Thursday, October 13, 2005

....a sage and a mentor

Eugene Peterson is probably best known for his modern translation of the Bible, The Message. Bono (U2) was asked about his favorite reading materials: "...there's a translation of Scriptures -- the New Testament and the Books of Wisdom -- that this guy Eugene Peterson has undertaken. It has been a great strength to me. He's a poet and a scholar, and he's brought the text back to the tone in which the books were written."

I have been reading a series of pastoral books Peterson has written. His book, The Contemplative Pastor is full of insights. He says that busyness is a hindrance for pastoral ministry... and that the calendar is always given ultimate authority... busyness can also be an ego driven impulse, because if we are busy we are important...

In a recent interview with Peterson, he was ask if spirituality is about becoming emotionally intimate with God. He says this is a naïve idea…”This promise of intimacy is both right and wrong. There is an intimacy with God, but it's like any other intimacy; it's part of the fabric of your life. In marriage you don't feel intimate most of the time. Nor with a friend. Intimacy isn't primarily a mystical emotion. It's a way of life, a life of openness, honesty, a certain transparency”.

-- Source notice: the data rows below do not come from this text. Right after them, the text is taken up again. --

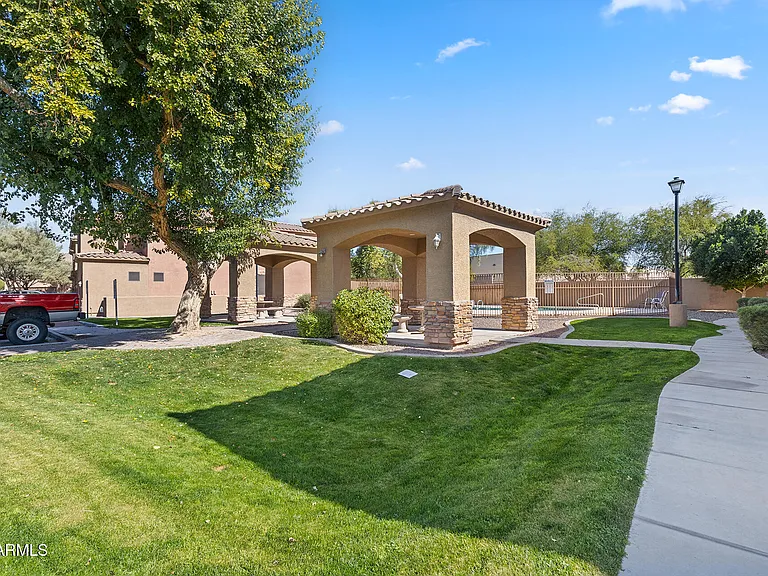 21655 N 36th Ave #106 — Photo 48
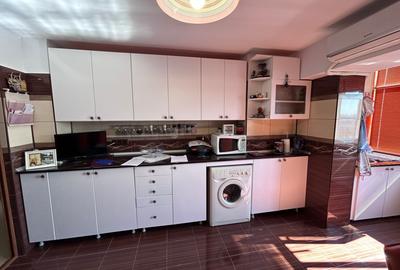 - Apartament 3 camere Central, Mobilat Utilat, Renovat in totalitate. - 8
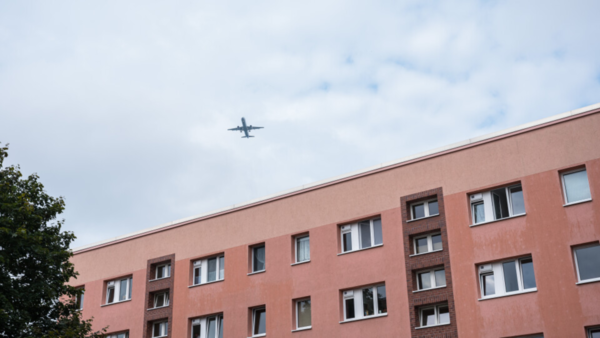 Erfolgreiche Schallschutzsanierung und kontrollierte Wohnraumlüftung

When asked about evangelicals telling people they can have a "personal relationship with God" and this suggesting a certain type of spiritual intimacy, he responded,

“All these words get so screwed up in our society. If intimacy means being open and honest and authentic, so I don't have veils, or I don't have to be defensive or in denial of who I am, that's wonderful. But in our culture, intimacy usually has sexual connotations, with some kind of completion. So I want intimacy because I want more out of life. Very seldom does it have the sense of sacrifice or giving or being vulnerable. Those are two different ways of being intimate. And in our American vocabulary intimacy usually has to do with getting something from the other. That just screws the whole thing up.”

“I don't want to suggest that those of us who are following Jesus don't have any fun, that there's no joy, no exuberance, no ecstasy. They're just not what the consumer thinks they are. When we advertise the gospel in terms of the world's values, we lie to people. We lie to them, because this is a new life. It involves following Jesus. It involves the Cross. It involves death, an acceptable sacrifice. We give up our lives. The Gospel of Mark is so graphic this way. The first half of the Gospel is Jesus showing people how to live. He's healing everybody. Then right in the middle, he shifts. He starts showing people how to die: "Now that you've got a life, I'm going to show you how to give it up." That's the whole spiritual life. It's learning how to die. And as you learn how to die, you start losing all your illusions, and you start being capable now of true intimacy and love. It involves a kind of learned passivity, so that our primary mode of relationship is receiving, submitting, instead of giving and getting and doing. We don't do that very well. We're trained to be assertive, to get, to apply, or to consume and to perform.”

I love this man, he is a sage and a mentor. I am also reading his latest offering, Christ Plays in Ten Thousand Places.